ACTIVITY:
Lines with the word "Surface" are the ones wanted. Copy each of them from the entries below.
-*-*-
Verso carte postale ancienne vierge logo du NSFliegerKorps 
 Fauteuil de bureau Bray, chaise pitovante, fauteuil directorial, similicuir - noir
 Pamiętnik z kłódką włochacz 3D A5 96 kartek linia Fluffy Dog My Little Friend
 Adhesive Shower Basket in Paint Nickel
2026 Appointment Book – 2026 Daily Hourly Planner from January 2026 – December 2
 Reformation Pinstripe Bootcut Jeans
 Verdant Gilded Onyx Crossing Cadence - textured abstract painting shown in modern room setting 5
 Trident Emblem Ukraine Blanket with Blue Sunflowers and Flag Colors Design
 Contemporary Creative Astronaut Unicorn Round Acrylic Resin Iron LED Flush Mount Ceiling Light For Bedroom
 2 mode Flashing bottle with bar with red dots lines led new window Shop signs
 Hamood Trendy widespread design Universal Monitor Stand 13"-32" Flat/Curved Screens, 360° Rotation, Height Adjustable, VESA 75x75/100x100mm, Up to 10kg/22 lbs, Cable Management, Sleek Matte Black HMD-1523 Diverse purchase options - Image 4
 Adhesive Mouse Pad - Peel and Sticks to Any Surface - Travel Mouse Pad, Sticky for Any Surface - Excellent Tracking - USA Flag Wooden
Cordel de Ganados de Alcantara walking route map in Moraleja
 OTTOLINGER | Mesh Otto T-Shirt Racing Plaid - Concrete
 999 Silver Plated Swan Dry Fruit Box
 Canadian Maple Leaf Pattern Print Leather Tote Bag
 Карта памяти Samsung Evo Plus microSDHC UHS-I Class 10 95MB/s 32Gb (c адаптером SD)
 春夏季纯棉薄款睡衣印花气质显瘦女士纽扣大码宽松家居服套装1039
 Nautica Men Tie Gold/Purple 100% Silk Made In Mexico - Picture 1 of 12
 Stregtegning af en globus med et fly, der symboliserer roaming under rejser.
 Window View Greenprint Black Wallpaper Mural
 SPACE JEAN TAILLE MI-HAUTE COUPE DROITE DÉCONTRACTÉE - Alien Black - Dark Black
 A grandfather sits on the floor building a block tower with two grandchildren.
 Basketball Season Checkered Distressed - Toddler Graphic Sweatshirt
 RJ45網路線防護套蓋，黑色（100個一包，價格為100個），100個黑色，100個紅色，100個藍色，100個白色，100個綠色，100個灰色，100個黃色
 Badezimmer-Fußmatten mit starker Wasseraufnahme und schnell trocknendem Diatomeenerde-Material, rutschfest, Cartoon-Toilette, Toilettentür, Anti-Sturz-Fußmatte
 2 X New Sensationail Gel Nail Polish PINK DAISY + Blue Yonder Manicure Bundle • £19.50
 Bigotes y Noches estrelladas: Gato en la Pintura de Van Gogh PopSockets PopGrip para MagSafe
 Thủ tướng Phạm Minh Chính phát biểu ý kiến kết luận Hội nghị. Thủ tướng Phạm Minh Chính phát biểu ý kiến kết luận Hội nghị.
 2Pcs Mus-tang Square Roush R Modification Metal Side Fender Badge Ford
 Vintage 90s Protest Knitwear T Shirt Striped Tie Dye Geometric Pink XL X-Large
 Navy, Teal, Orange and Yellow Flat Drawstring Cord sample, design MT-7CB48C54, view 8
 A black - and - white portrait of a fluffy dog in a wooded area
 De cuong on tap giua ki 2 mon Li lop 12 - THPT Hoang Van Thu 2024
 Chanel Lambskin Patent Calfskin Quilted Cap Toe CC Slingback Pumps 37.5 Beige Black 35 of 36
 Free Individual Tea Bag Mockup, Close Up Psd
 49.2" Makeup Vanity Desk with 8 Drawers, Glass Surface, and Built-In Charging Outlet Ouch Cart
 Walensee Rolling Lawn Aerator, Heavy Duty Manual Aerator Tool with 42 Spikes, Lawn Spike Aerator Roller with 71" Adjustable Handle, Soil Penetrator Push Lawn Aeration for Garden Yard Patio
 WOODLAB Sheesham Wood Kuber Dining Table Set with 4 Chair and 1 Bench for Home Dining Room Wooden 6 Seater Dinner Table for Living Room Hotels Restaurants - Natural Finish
-*-*-
THE ANSWER:
 Adhesive Mouse Pad - Peel and Sticks to Any Surface - Travel Mouse Pad, Sticky for Any Surface - Excellent Tracking - USA Flag Wooden
 49.2" Makeup Vanity Desk with 8 Drawers, Glass Surface, and Built-In Charging Outlet Ouch Cart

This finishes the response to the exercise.